SOURCE MATERIAL
▶

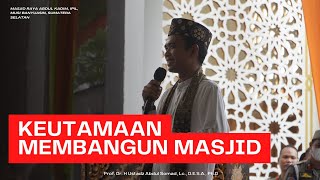 APA SAJA KEUTAMAAN MEMBANGUN MASJID? | Masjid Raya Abdul Kadim,Musi Banyuasin, Sumsel| UAS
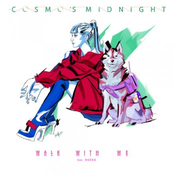 Cosmo's Midnight: Walk With Me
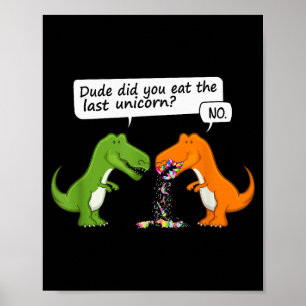 Rolig Dinosauri Guy Ätde Du Den Sista Enhörningen Poster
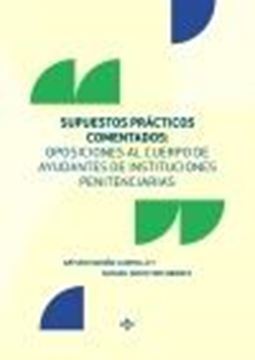 Supuestos prácticos comentados: Oposiciones al cuerpo de ayudantes de instituciones penitenciarias, 2021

◀

EXERCISE
Reproduce the data above without a single change, please, but without its pictures.

RESPONSE AREA
 APA SAJA KEUTAMAAN MEMBANGUN MASJID? | Masjid Raya Abdul Kadim,Musi Banyuasin, Sumsel| UAS
 Cosmo's Midnight: Walk With Me
 Rolig Dinosauri Guy Ätde Du Den Sista Enhörningen Poster
 Supuestos prácticos comentados: Oposiciones al cuerpo de ayudantes de instituciones penitenciarias, 2021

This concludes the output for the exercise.